THE EFFECTS OF ENGINE OPERATING AND DESIGN VARIABLES ON EXHAUST EMISSIONS 620404
To determine the influence of engine variables on the composition of exhaust gas, engine dynamometer tests were conducted on single and multi-cylinder reciprocating engines. The following engine variables were investigated: air-fuel ratio, power output, engine speed, spark timing, exhaust back pressure, valve overlap, combustion chamber deposits, and intake manifold pressure.
Hydrocarbon concentrations were found to be considerably affected by changes in air-fuel ratio, spark timing, intake manifold pressure, and combustion chamber deposits. Somewhat less change in hydrocarbon concentration was obtained by varying valve overlap and engine speed. Changes in engine power output and exhaust back pressure had little effect on hydrocarbon concentrations.
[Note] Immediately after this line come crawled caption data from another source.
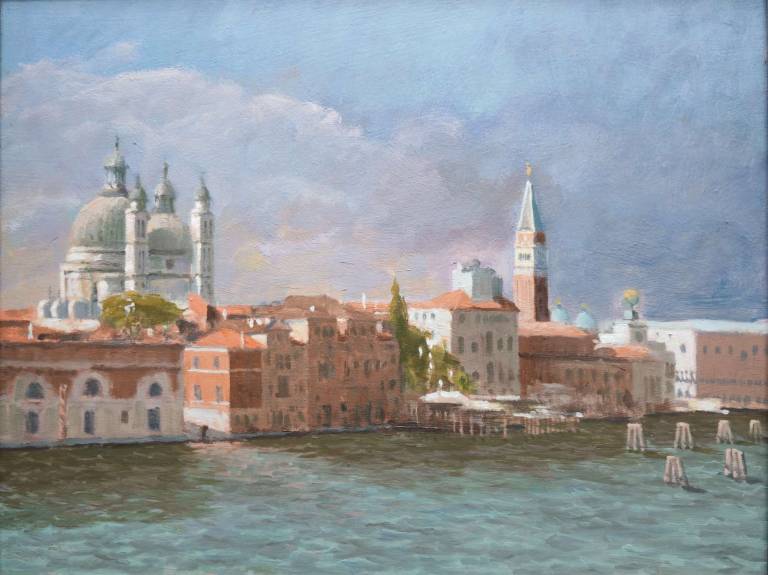Grey Sky, Venice. - Andrew Cochrane Dixon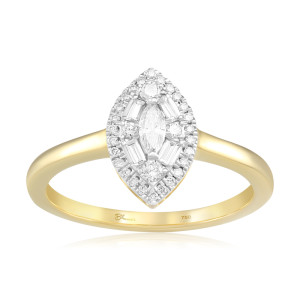 Inel Aur 18k Diamante BLANCO'S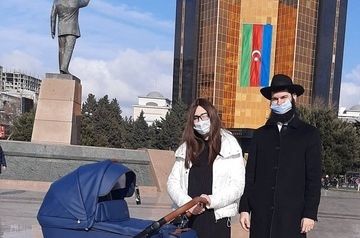 Young rabbi prefers Baku to European capitals
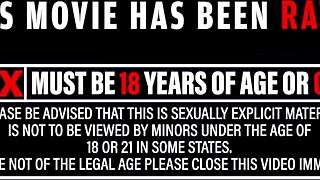 vanilla swirl bi threesome with interracial group fucking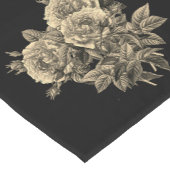 Rose Roses Rosen bouquet – Rosenbouquet Kurzer Tischläufer (Ecke)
Carbon monoxide concentrations were principally affected by changes in the air-fuel ratio. No other variables affected carbon monoxide concentration except where air-fuel ratio was indirectly influenced.
The influence of changes in the variables on hydrocarbon and carbon monoxide emissions in pounds per hour was also determined.
Vehicles were tested on the road and chassis dynamometer to investigate the effect of air-fuel ratio, spark timing, and valve overlap on hydrocarbon and carbon monoxide concentrations. Carburetion leaning, spark timing retardation and reduction of valve overlap produced concentration reductions in line with those predicted from engine dynamometer studies.